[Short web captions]

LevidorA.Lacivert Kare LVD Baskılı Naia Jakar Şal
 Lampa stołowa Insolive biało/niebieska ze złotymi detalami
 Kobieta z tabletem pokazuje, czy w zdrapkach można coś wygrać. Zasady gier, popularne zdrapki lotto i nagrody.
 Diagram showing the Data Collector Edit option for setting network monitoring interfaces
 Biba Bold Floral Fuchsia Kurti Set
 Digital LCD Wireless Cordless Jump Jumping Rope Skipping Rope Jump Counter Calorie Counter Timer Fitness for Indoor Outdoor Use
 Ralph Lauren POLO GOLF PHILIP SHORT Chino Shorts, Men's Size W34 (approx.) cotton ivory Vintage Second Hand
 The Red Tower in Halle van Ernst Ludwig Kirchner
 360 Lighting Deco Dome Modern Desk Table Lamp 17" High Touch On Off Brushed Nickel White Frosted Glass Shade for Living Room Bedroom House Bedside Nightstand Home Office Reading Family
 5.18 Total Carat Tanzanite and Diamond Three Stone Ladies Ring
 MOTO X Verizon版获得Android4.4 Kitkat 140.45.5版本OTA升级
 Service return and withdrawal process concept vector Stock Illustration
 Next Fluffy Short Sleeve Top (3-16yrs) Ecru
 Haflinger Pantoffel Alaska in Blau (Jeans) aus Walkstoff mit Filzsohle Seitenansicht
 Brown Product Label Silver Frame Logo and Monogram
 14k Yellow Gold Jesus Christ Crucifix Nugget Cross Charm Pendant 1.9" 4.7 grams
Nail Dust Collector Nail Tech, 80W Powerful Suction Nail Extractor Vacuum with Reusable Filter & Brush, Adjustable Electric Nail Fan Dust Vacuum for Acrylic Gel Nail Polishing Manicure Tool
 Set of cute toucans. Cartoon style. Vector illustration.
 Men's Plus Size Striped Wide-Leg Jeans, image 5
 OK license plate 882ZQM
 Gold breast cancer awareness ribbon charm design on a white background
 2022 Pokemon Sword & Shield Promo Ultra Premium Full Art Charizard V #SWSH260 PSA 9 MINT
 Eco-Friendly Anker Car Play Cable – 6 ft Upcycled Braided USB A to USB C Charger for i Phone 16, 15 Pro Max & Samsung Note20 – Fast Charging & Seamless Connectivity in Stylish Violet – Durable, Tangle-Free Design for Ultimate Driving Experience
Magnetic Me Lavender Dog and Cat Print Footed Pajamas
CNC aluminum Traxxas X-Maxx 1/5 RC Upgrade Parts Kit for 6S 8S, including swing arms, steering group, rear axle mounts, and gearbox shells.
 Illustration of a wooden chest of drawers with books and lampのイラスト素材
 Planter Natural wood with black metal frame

**REQUIRED ACTION**
All lines above from the line with "OK license plate 882ZQM" through the line with "Eco-Friendly Anker Car", both included, are to be set down exactly, with nothing else.

**EXPECTED OUTPUT**
 OK license plate 882ZQM
 Gold breast cancer awareness ribbon charm design on a white background
 2022 Pokemon Sword & Shield Promo Ultra Premium Full Art Charizard V #SWSH260 PSA 9 MINT
 Eco-Friendly Anker Car Play Cable – 6 ft Upcycled Braided USB A to USB C Charger for i Phone 16, 15 Pro Max & Samsung Note20 – Fast Charging & Seamless Connectivity in Stylish Violet – Durable, Tangle-Free Design for Ultimate Driving Experience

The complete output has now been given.